(DATA IN THIS EXERCISE)

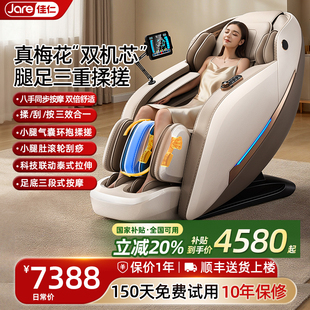 德国佳仁梅花双机芯全自动电动多功能智能家用太空舱按摩椅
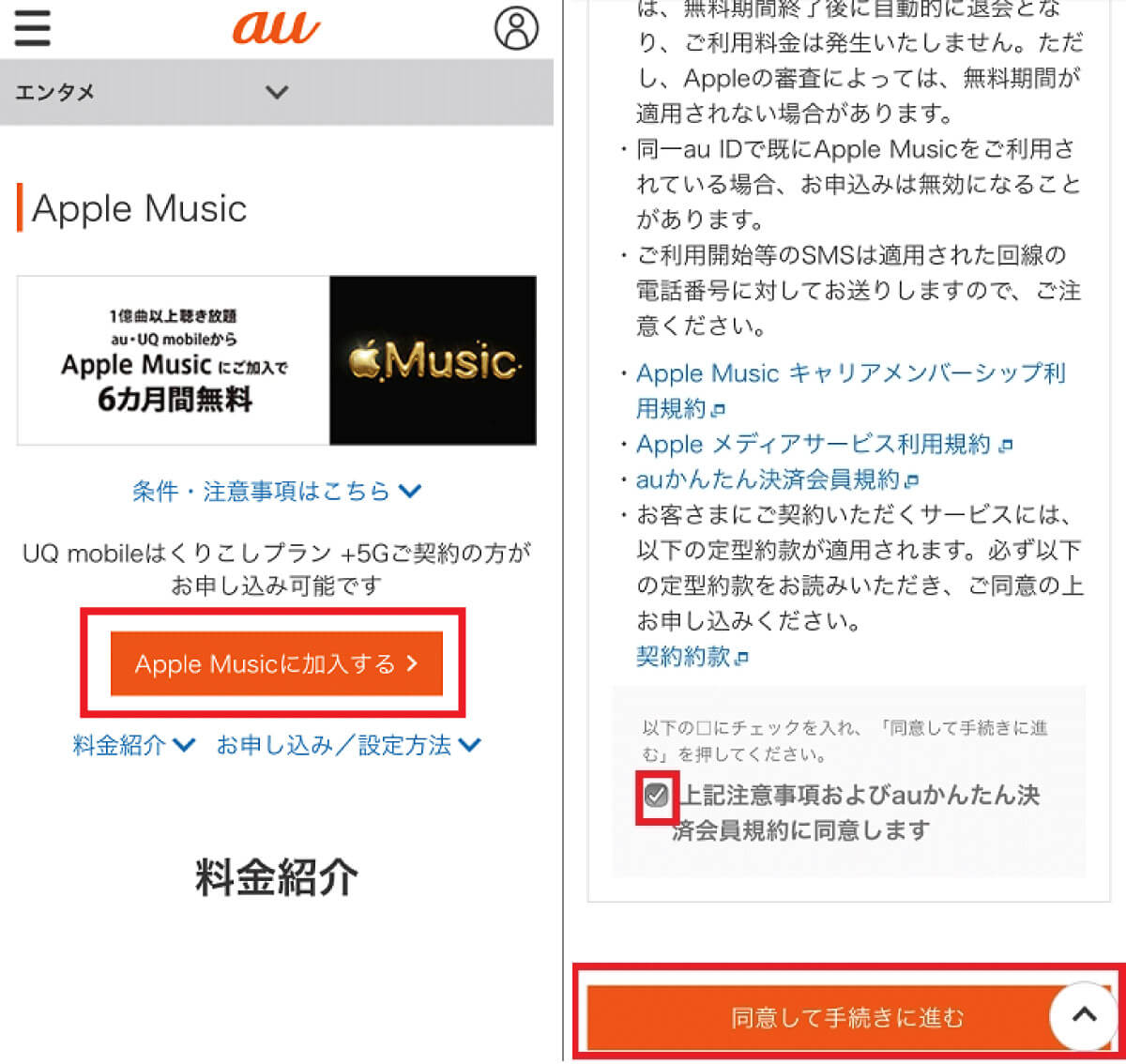 auもしくはUQ mobileからApple Musicに申し込む2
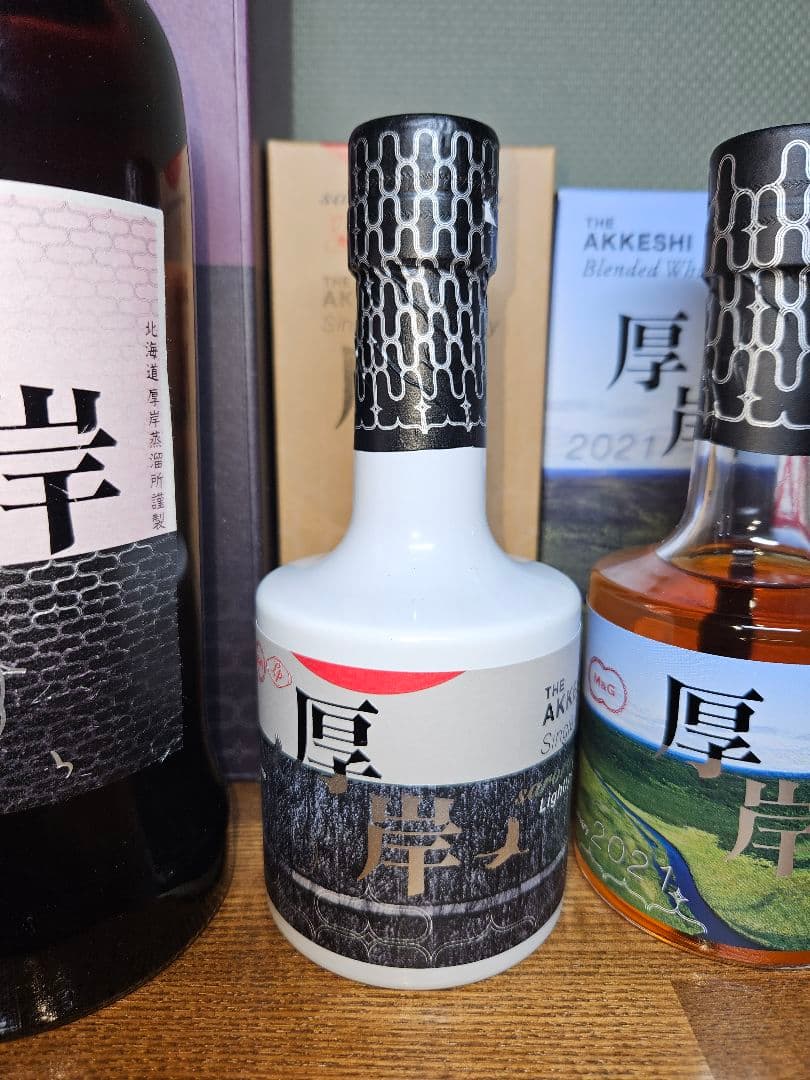 d*n様 厚岸ウイスキー5本セット◇未開封◇箱付き ◇限定品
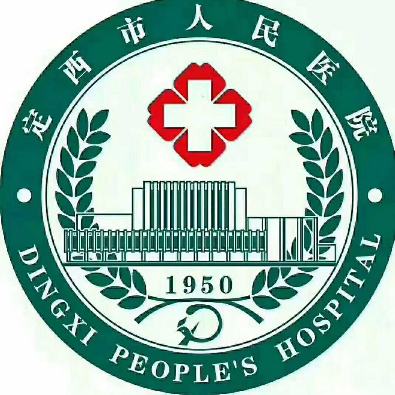 定西市人民医院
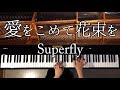 【ピアノ】愛をこめて花束を/Superfly/弾いてみた/Piano/CANACANA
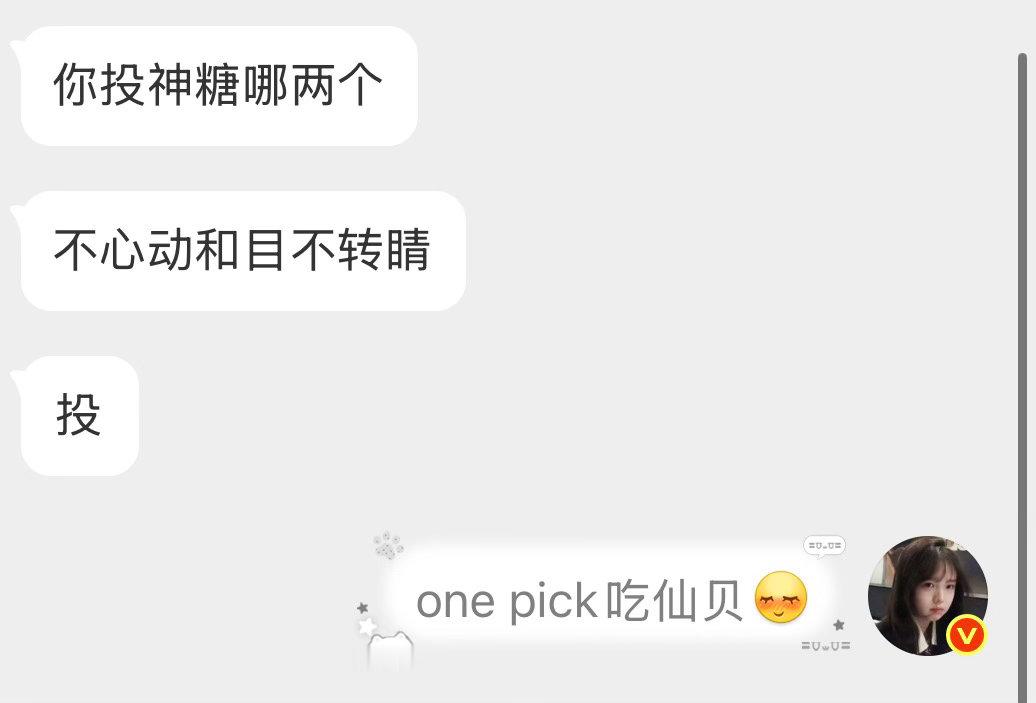 不懂吃仙贝的我们没有缘分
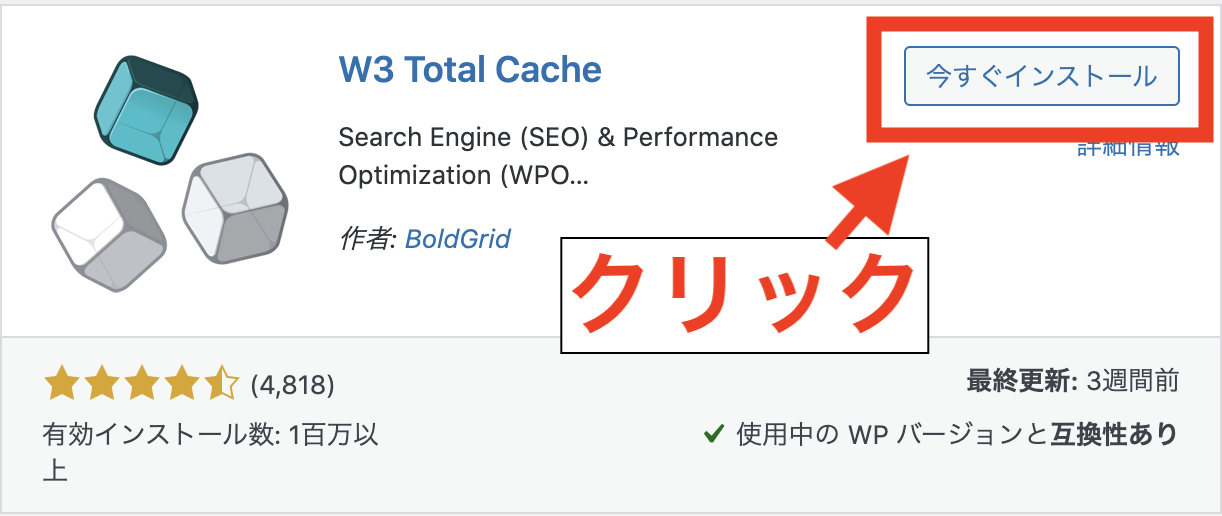 W3 Total Cacheのインストール-2
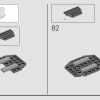 Властелин колец: Ужасный зверь (LEGO 40693)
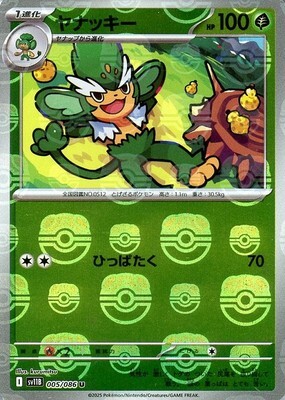 POKEMON JAPANESE SV11B 005/086 U MASTERBALL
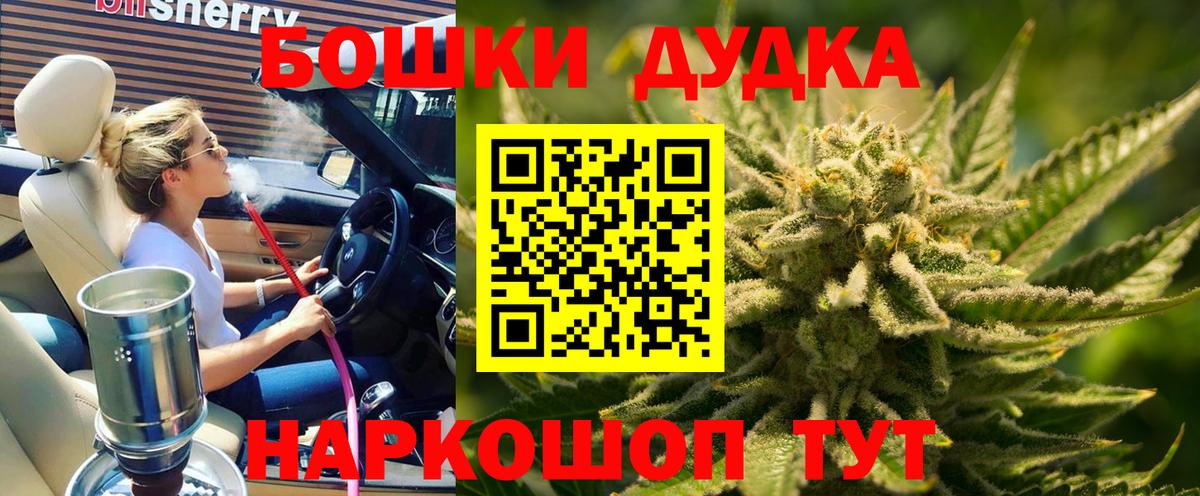 Каннабис сатива Котлас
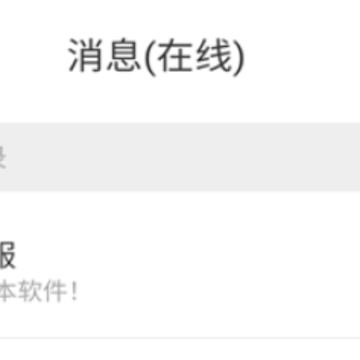 念信 念信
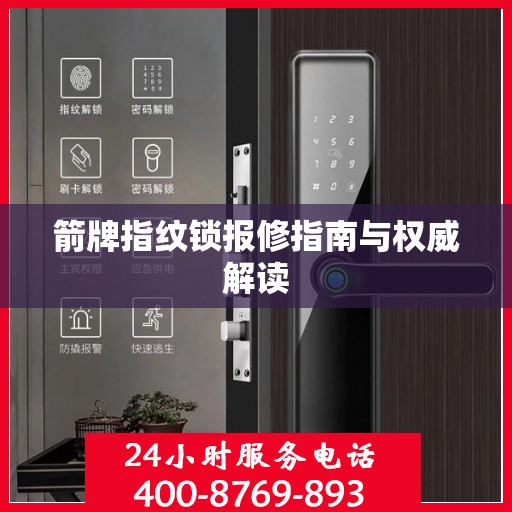 箭牌指纹锁报修指南与权威解读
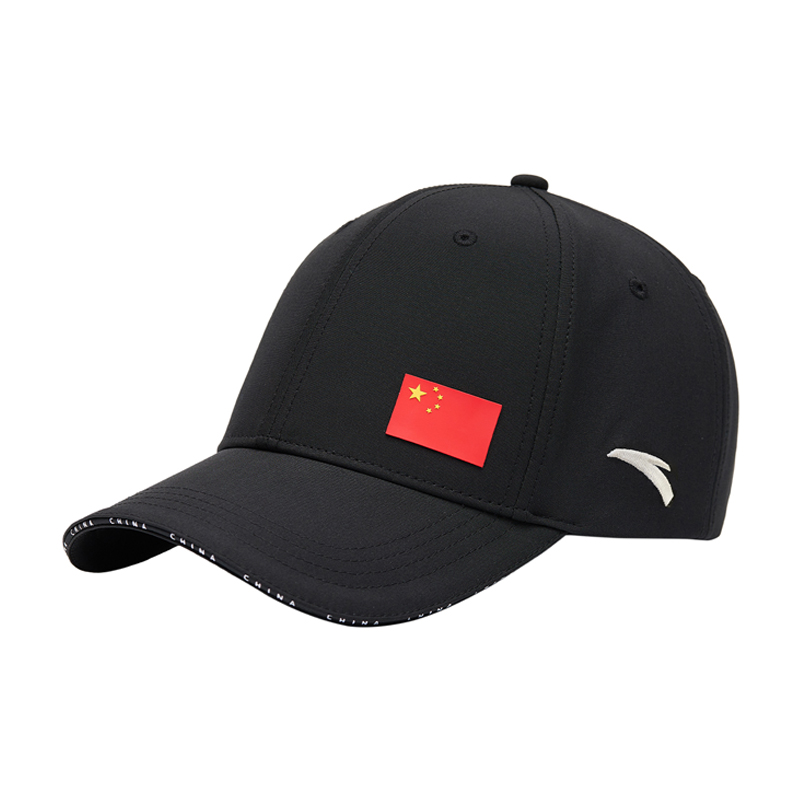安踏國服帽子男女中國家隊裝備代表團運動帽春夏季潮牌刺繡棒球帽492440106-2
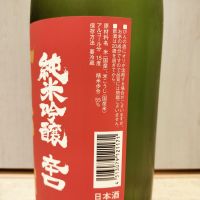 阿部勘のレビュー by_str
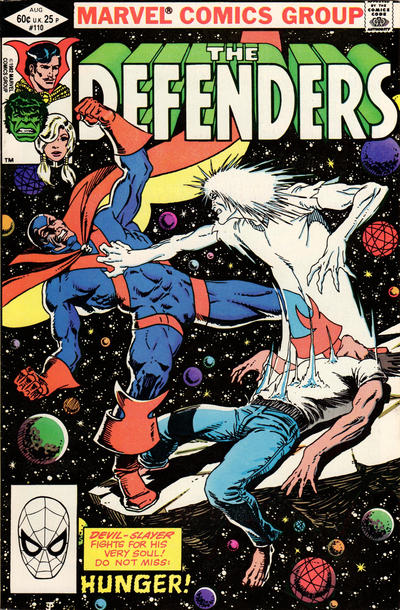Defenders 1972 Series #110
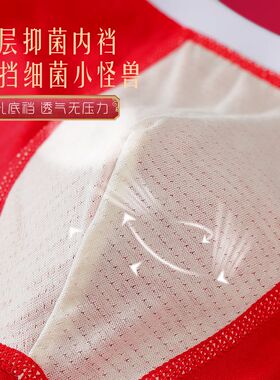 男童红内裤纯棉蛇年平角裤本命年大红色中大童内裤男孩红色内裤
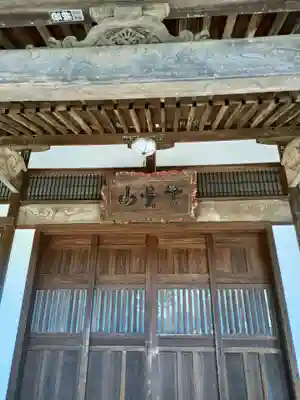 長徳寺の本殿・本堂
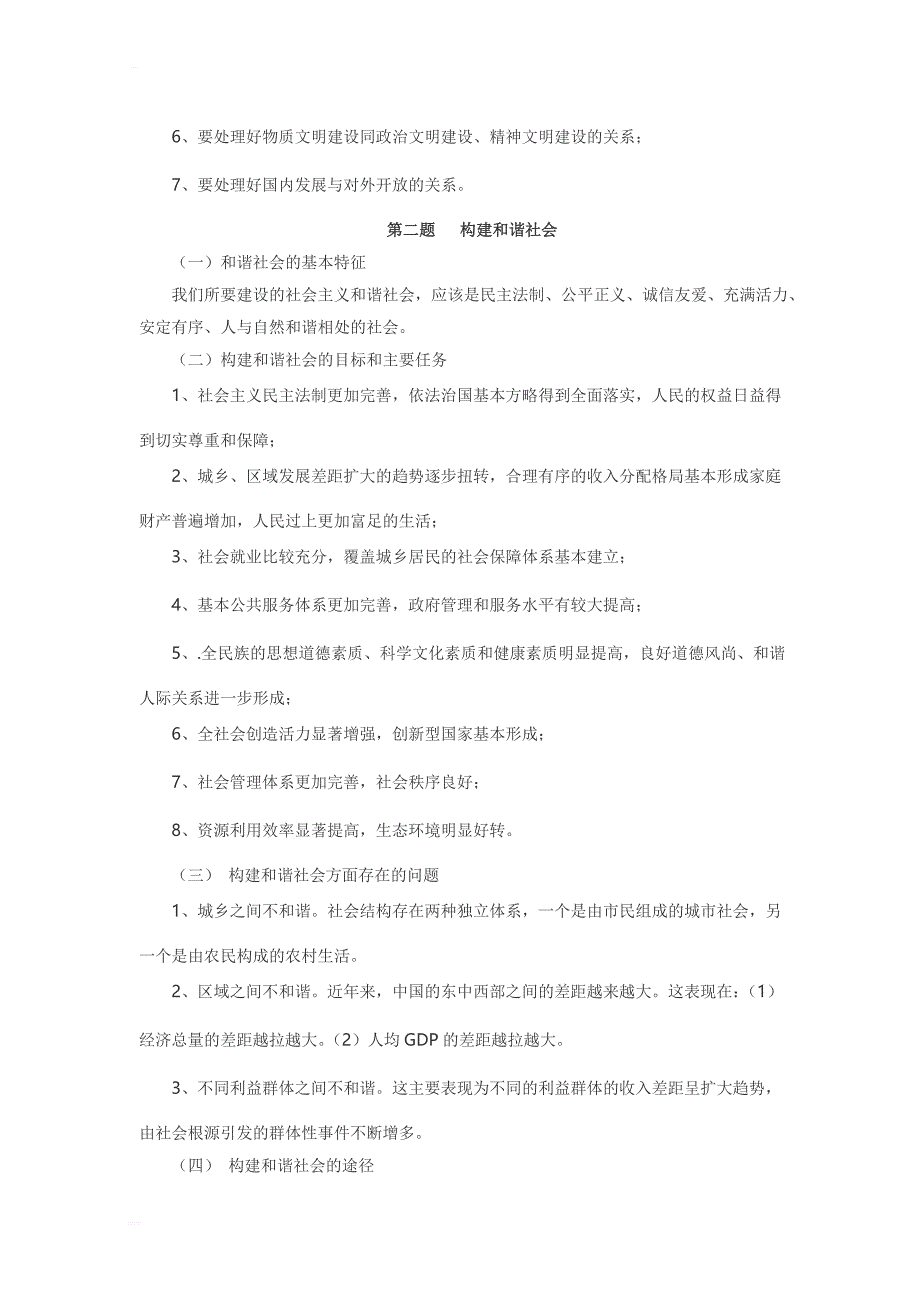 2017年国家公务员考试申论预测20题_第2页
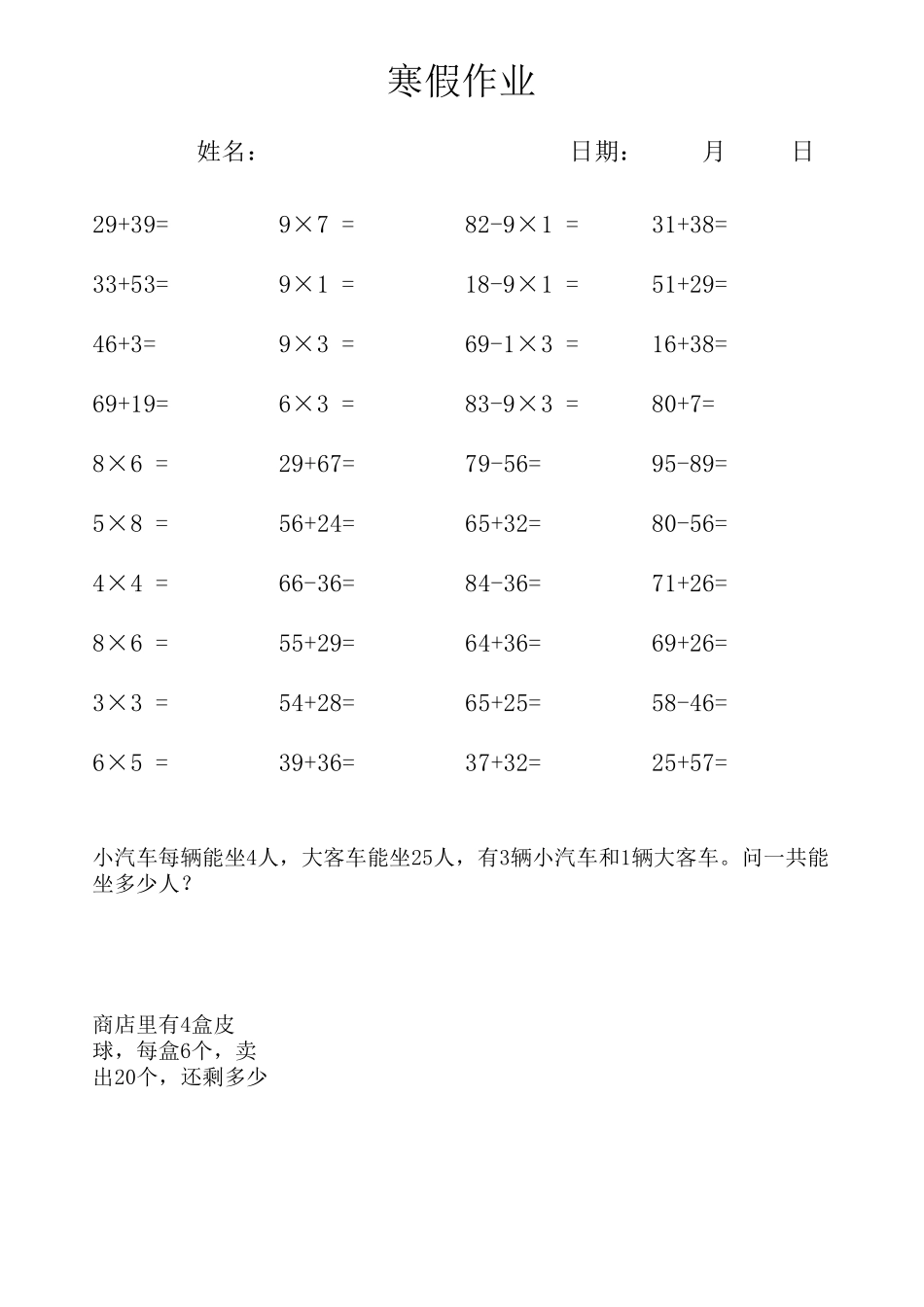二年级数学(上册)口算题卡_第1页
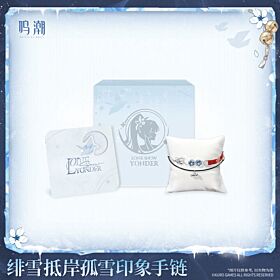 Wuthering Waves KURO GAMES Hiyuki Lone Snow Reaching the Shore Impression Bracelet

(End DATA IN THIS EXERCISE)

Could you set down every record above word for word, leaving out the pictures?

 德国佳仁梅花双机芯全自动电动多功能智能家用太空舱按摩椅
 auもしくはUQ mobileからApple Musicに申し込む2
 d*n様 厚岸ウイスキー5本セット◇未開封◇箱付き ◇限定品
 定西市人民医院
 【ピアノ】愛をこめて花束を/Superfly/弾いてみた/Piano/CANACANA
 不懂吃仙贝的我们没有缘分
 W3 Total Cacheのインストール-2
 Властелин колец: Ужасный зверь (LEGO 40693)
 POKEMON JAPANESE SV11B 005/086 U MASTERBALL
 Каннабис сатива Котлас
 念信 念信
 箭牌指纹锁报修指南与权威解读
安踏國服帽子男女中國家隊裝備代表團運動帽春夏季潮牌刺繡棒球帽492440106-2
 阿部勘のレビュー by_str
Defenders 1972 Series #110
 男童红内裤纯棉蛇年平角裤本命年大红色中大童内裤男孩红色内裤
 長徳寺の本殿・本堂
 2017年国家公务员考试申论预测20题_第2页
二年级数学(上册)口算题卡_第1页
 Wuthering Waves KURO GAMES Hiyuki Lone Snow Reaching the Shore Impression Bracelet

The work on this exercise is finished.